Posted by: Lisa Simeone | August 01, 2008 at 03:51 PM
I don't, but I can make inquiries, if you let me know details about what it's for. (Y'all should have my email address, it's on my blog anyway.)
Posted by: Delicious Pundit | August 01, 2008 at 05:21 PM
Also in that article:
"the etiolated complexion of one who works in front of a screen."
Etiolated?
Luckily, as I only now found out when I tried to copy the word and accidentally double clicked on it instead, the NYT site has a dictionary function (just click any word). Because now there's a word I'd never seen or heard..
Posted by: nimh | August 01, 2008 at 09:02 PM
Hm. Really interesting article. Thoroughly revealing. And must have taken a hell of an effort to research.
And yet, at the end of it all, I feel quite uneasy about it. The article I mean.
Yes, it reveals the featured trolls as being psychologically damaged, headed on a dead-end road in life that is likely to leave them lonely or paranoid, and either lacking or having the most distorted sense of ethics and empathy. But all of that can also easily be said about any number of drug-addled rock stars. And in fact, they come across not just as crazy as, I dont know, Courtney Love or Amy Winehouse, but also as twistedly glamorous.
In fact, I think both Fortuny and Weev will be thoroughly pleased with how they are portrayed. The one as amoral, but highly intelligent and reflective eccentric; the other as crazed underground man of mystery, a baddie straight from James Bond. It's like the nerd version of gangsta, with Fortuny at the earnest end like an old-school Ice-T and Weev at the end where it's all just about being outrageous and having bling.
Even as the author and we, as readers, share the same inescapable conclusion that these kids are not just inflicting real harm on others, but also doing themselves no favours, you still cant shake the feeling that he also found the Weev episode by far the most exciting bit of his research, with the stay at Fortuny's house an honourable second.
The article packs a lot of ambiguity, in which the "other side" of the story clearly involves a grudging admiration for both the skills and intelligence of these unleashed kids and their going-straight-to-hell, nihilist refusal of all social conventions. And while I dont think any of us are fooled by their braggadocio and see the emotional damage involved in their personality as well as their victims, I think it's fairly easy for an angry teenager or one looking for some kind of status he cant get as jock or model to think that these guys, they're really pretty fucking cool.
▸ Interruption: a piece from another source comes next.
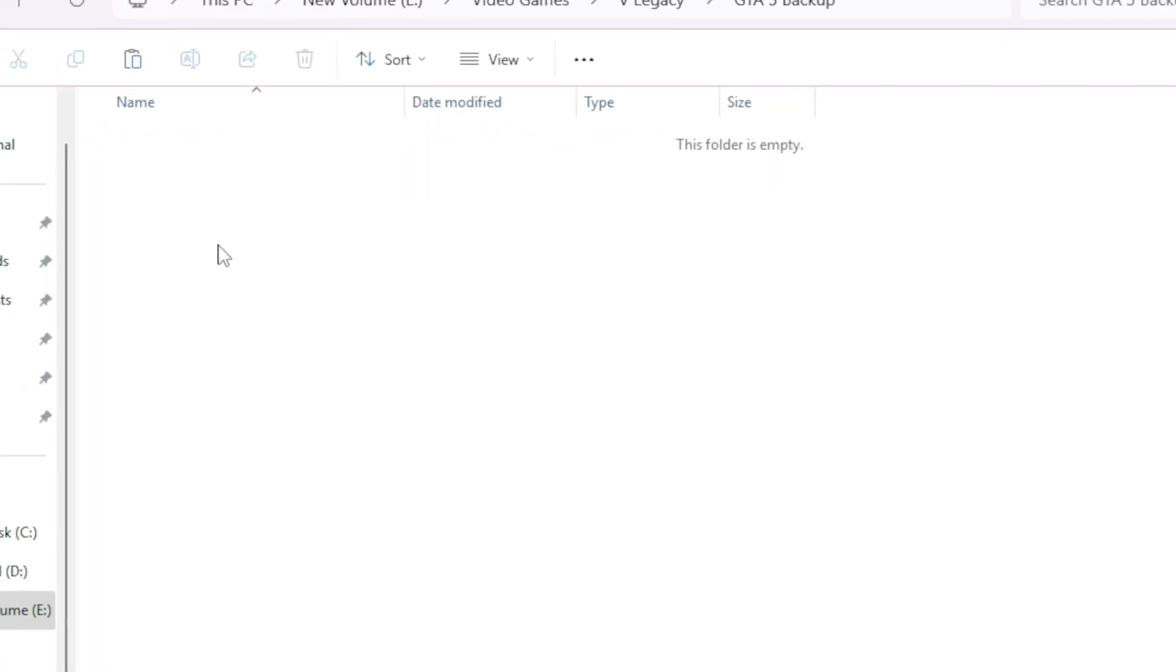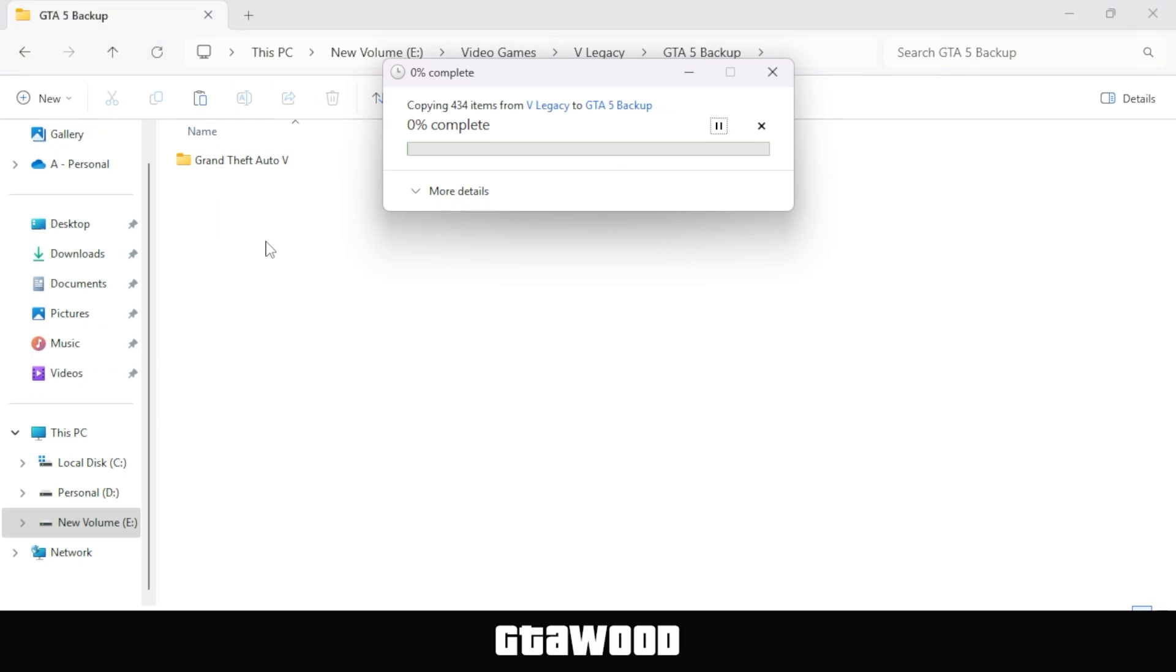Now you can create a backup folder wherever you have enough space on your computer. I highly recommend doing that, as it will be very helpful if something goes wrong or the mod does not work.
None of that sits very easily with imagining how it must have felt for that epileptic who got a seizure over these trolls' stroboscope gifs. Or, much worse, for the mother of that kid who killed himself. Just imagining that makes me want to slap those trolls in the face, seriously. So I dunno. Maybe the (anti-)heroes of the story shouldnt have been given quite the central stage place? Maybe they succeeded to tempt the author just a tad too much into their world? Uneasiness.
Posted by: nimh | August 01, 2008 at 09:49 PM
Btw, if you ever, for some reason or other, cant think of Amy Winehouse's name, she's #4 in Google hits for . Courtney Love is #1. :-)
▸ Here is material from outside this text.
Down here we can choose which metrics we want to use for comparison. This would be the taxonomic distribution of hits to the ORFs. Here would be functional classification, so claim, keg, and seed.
Posted by: nimh | August 01, 2008 at 09:52 PM
"I think it's fairly easy for an angry teenager or one looking for some kind of status he cant get as jock or model to think that these guys, they're really pretty fucking cool."
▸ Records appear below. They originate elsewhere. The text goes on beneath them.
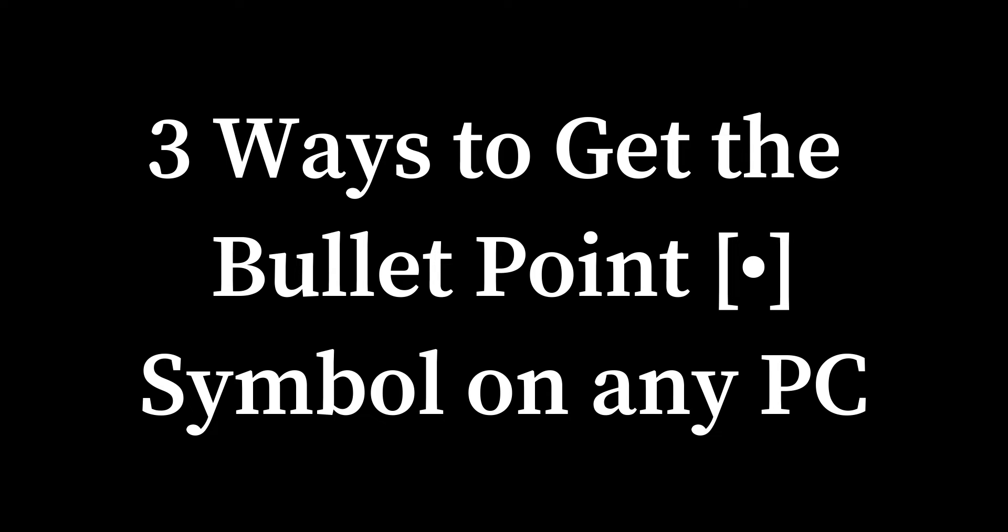Are you tired of struggling to type the bullet point symbol on your computer? Well, today I'm showing you these simple methods to get this symbol on your PC.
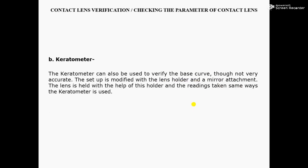Next, the Keratometer can also be used to verify the base curve, though not very accurately. The setup is modified with a contact lens holder and a mirror attachment. The lens is held with the help of this holder and the readings are taken in the same way the keratometer is used.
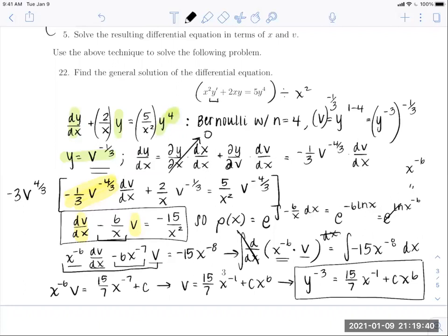This is very similar to u-substitution, except the derivative is more complicated since we're working with a multivariable function requiring the chain rule, and we rely on knowledge from Sections 1.4 and 1.5 to solve separable and linear DEs. This concludes Part 1 of Section 1.6. In Part 2, we'll discuss exact equations and second-order DEs missing a particular variable.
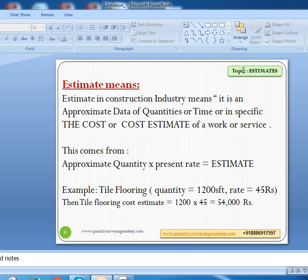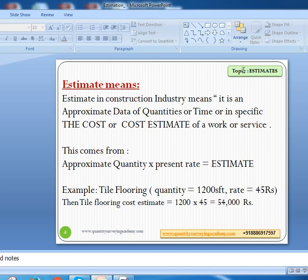Let us first understand the basic definition of what an estimate means. Please remember, we are discussing this in the construction industry. Estimate in construction industry means it is an approximate data of quantities, time, or specifically the cost — a cost estimate of a work or service. Approximate quantities give us an approximate estimation of required quantities, required time, or the cost for doing a project, work, or service.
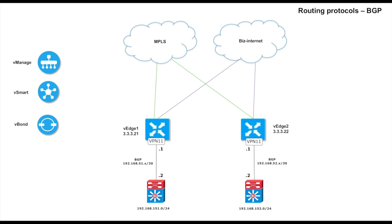In one of the earlier videos we looked at configuring OSPF between the VHs and the existing LAN. In this video we will configure BGP between them. We will use the same topology we used in the previous video. I have already configured BGP on the downstream LAN devices.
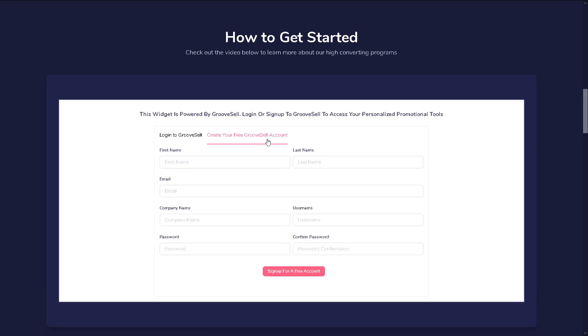...right there on the home page itself. Simply fill out the form that you see right here to sign up for your account, and you will then have immediate access to GrooveFunnels and become a part of the GroovePartner program.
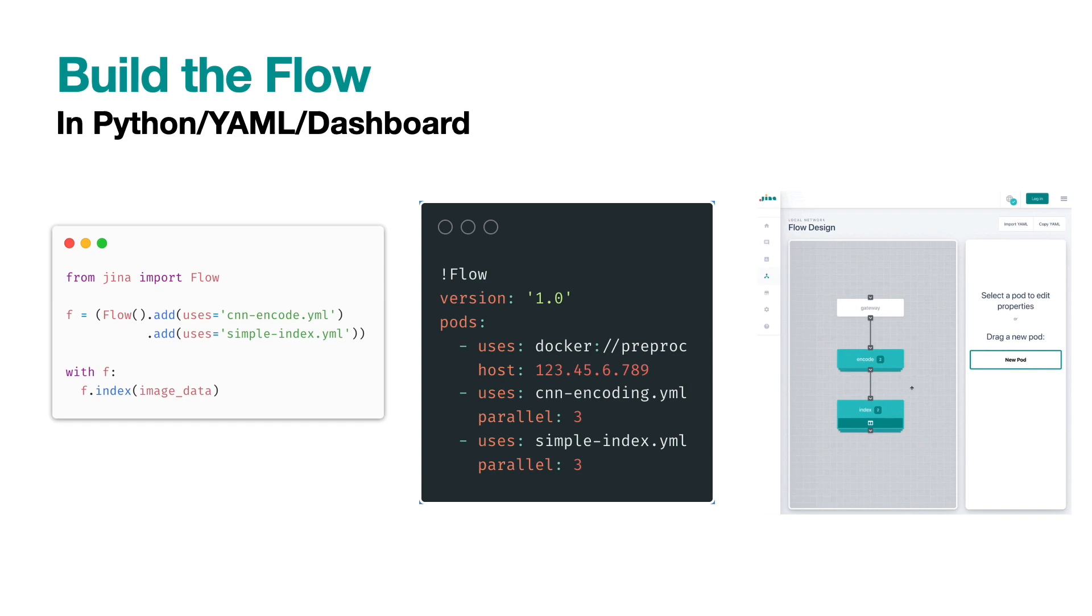Jina provides three ways to build a flow. You can use Python API, YAML config, or interactive dashboard. Each has its own advantages and niche. Here we are using YAML config.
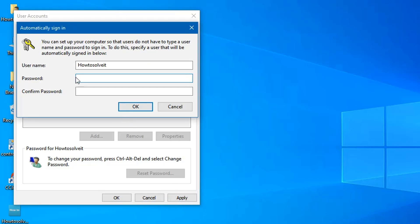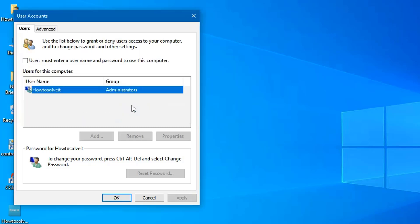Enter your username and password, then re-enter your password. Click OK, then click OK again to save the changes.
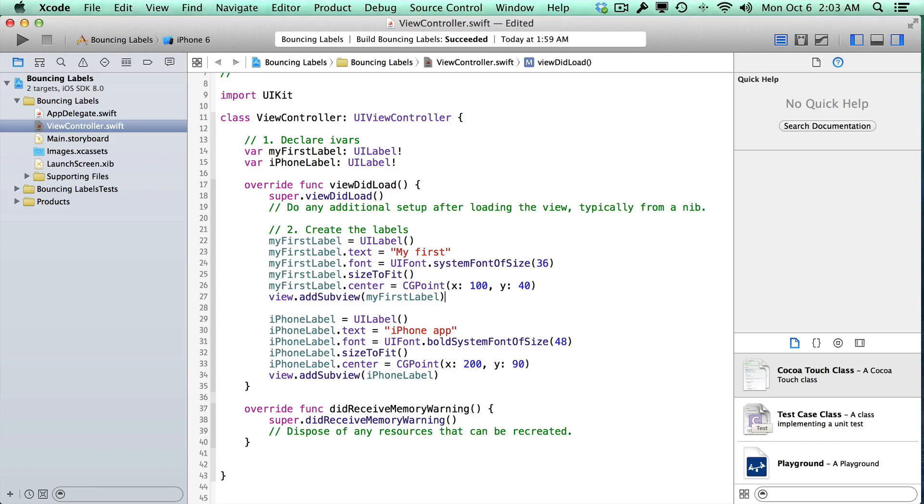Hi, this is Paul Salt from iPhone Dev TV. Alright, we created our two labels at the top of the screen. Now we want to add some animations.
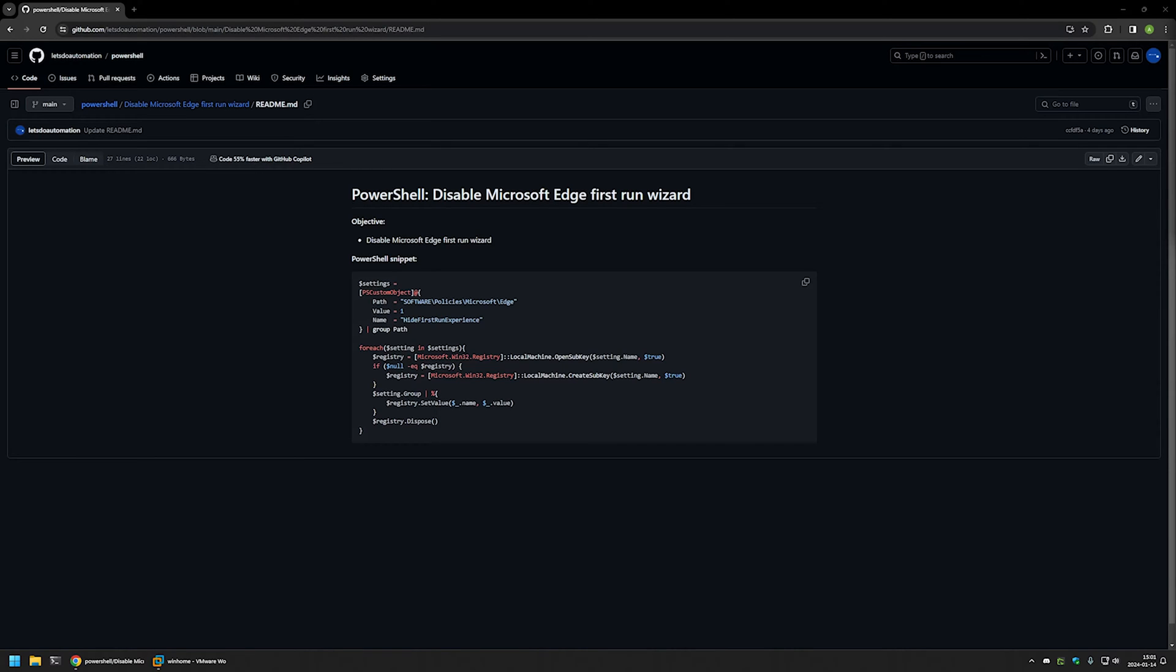In this video I will be using PowerShell to disable first run wizard in Microsoft Edge. I'm starting this video from a GitHub page because there are a few bits of information here that I will be using for this video. I will leave the URL in the description down below.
Point taken, nimh, but I'm guessing that few of those angry teenagers are actually reading the Times Magazine. I read this as a cautionary to parents to keep a closer eye on what their kids are doing or exposed to.
Posted by: Trevor J | August 04, 2008 at 02:26 PM
I dunno, Trevor, these guys are the nerds, not the jocks -- and in a way, see Fortuny, extremely intelligent. They are not your typical teens. I know I read my country's equivalent of the NY Times Magazine; and it's kids who are as nerdy as I was but more psychologically disturbed who'd look up at Fortuny c.s.